Running LXTerminal from the RPi command line and running either $ wolfram or $ mathematica from that seems to produce a fully functional system.

There was a recent thread here about viewing and manipulating graphics with gpicview. This evidently is a part of the standard Debian installation, because the examples just work. The Linux program gimp is a heavyweight graphics program that gives heavyweight graphics capability. I installed it with instructions from Simon Monk O'Reilly Raspberry Pi Cookbook. $ sudo get-apt install gimp.

Because I have ambitions to demo and use this system at the local geek club, I wanted to be able to print from Mma, and, at least at the current version, there's no support in the File menu. How-To Geek  lists steps for installing the cups program. There are a lot of steps to get it working, but I had no surprises. You end up with a printer config interface at http://localhost:631/

I wanted to set my network printer as the default so I could use the terse Mma arguments. With a little digging, I got this to work:

$ lpstat -p -d gives you a list of current default and available printers, and pick out the one you want. For me this was 

$ lpoptions -d EPSON_EPSON_Epson_Stylus_NX430

It just works. Now things like the following can be used in Mathematica:

tempPlot = Plot[...
Export["temp.png",tempPlot]
Run["gpicview temp.png &"] (* displays tempPlot on the screen, gpicview menu File>Print works *)
Run["gimp temp.png&"] (* displays tempPlot on the screen with tools, gimp menu File>Print works. gimp seems only capable of printing one page of a multipage file at a time *)
Run["lpr temp.png &"]  (* prints directly *)

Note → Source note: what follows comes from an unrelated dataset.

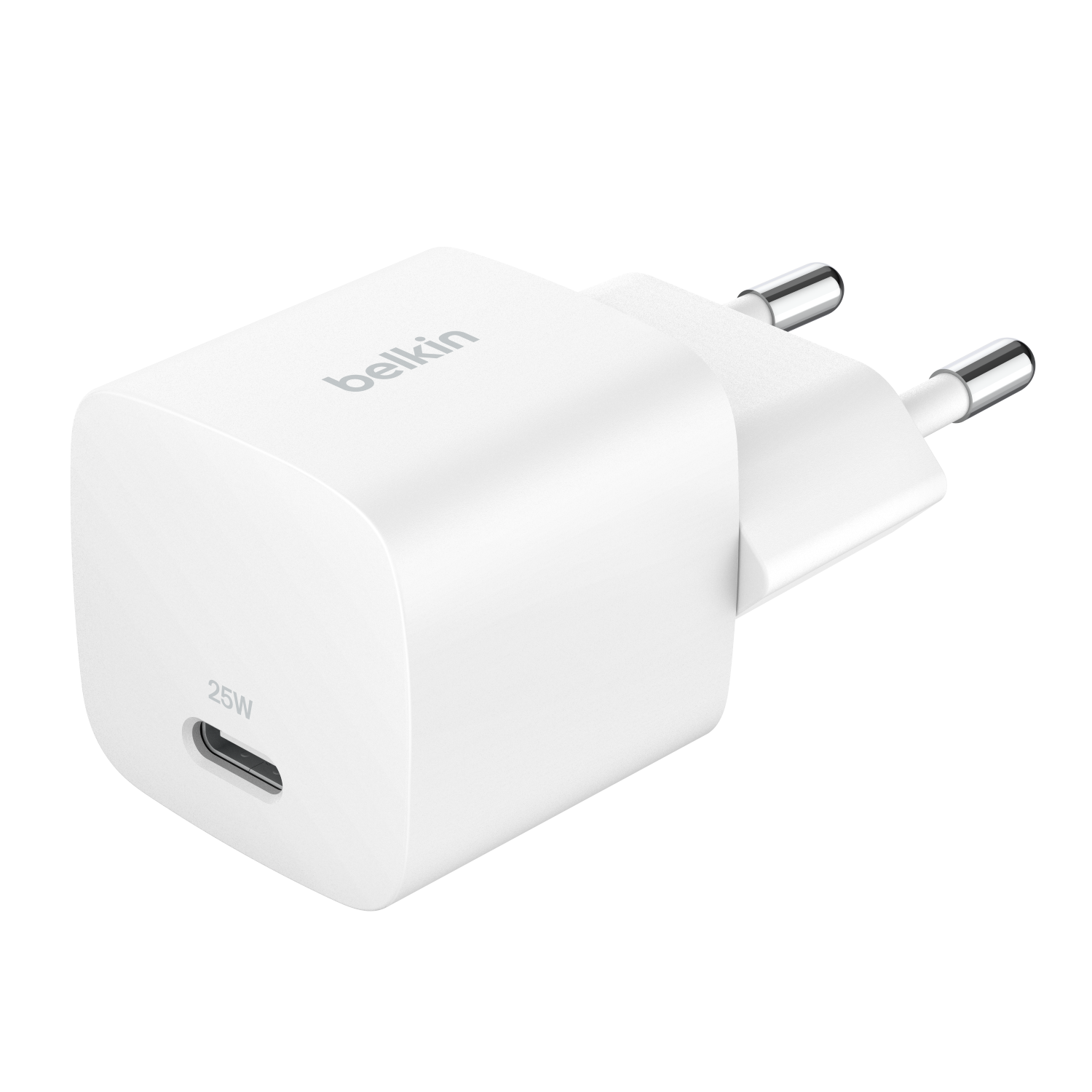 Un adaptador de corriente Belkin blanco de 25W USB-C con clavijas plateadas.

A similar procedure can be used to File>Save As... a Mma notebook as a .pdf e. g. and send that to the printer, either from the command line or from within Mma with a Run[.... Right now, this produces a result that is not ready for prime time. The fonts in the resulting printed document are badly rendered (letter-to-letter spacing is far too small), and it probably isn't good enough even to submit homework with.

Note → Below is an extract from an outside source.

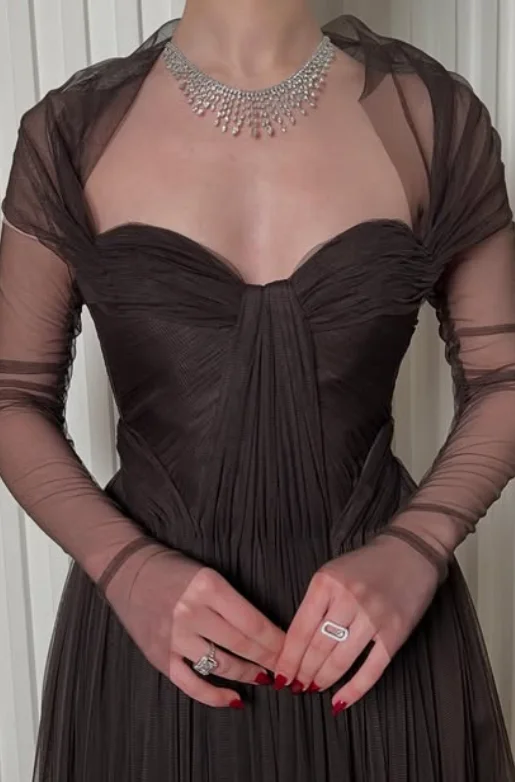 High Quality Customized Sweetheart Full Sleeve A-line Black Tulle Back Strap Vestidos Elegantes Para Fiesta De Gala فساتين حفلات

We're so spoiled that we complain about such a thing when we should be struck dumb with amazemant that we can get it to work at all. Sorry. 

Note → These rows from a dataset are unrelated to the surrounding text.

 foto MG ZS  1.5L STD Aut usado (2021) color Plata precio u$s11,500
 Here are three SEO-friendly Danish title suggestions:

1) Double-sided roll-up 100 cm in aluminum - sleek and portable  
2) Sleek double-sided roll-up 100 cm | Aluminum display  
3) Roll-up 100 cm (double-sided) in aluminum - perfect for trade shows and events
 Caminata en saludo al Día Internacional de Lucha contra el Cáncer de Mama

I'll post more when and if I can figure out more about the system.

Fred Klingener
POSTED BY: Fred Klingener
2 Replies
I'm surprised that you don't get a $DISPLAY error when trying to run LXTerminal as well, but I don't know much about Mac OS and how it handles X-windows commands.  For those using a PC, a combination of Xming and Putty can allow you to ssh into your RPi with x-forwarding and get the Mathematica GUI to run properly.
POSTED BY: BoB LeSuer
I think Apple now distributes X Quartz, their X11 implementation, here: 

http://xquartz.macosforge.org/landing/

If you then run ssh -X to your Raspberry Pi (e.g. ssh -X pi@raspberrypi), you should have x-forwarding back to your Mac. The session should have a DISPLAY variable set, so running mathematica will bring up a Linux-ARM Mathematica notebook session on your Mac. If you run wolfram in such a session, it should have the ability to Rasterize[] and such since it will detect your X server on your Mac (you may see a brief screen flash when this happens). 

However, if you have a desktop with Mathematica available, using our RDK or Remote Kernel functionality is an even better way to connect to a Raspberry Pi remotely.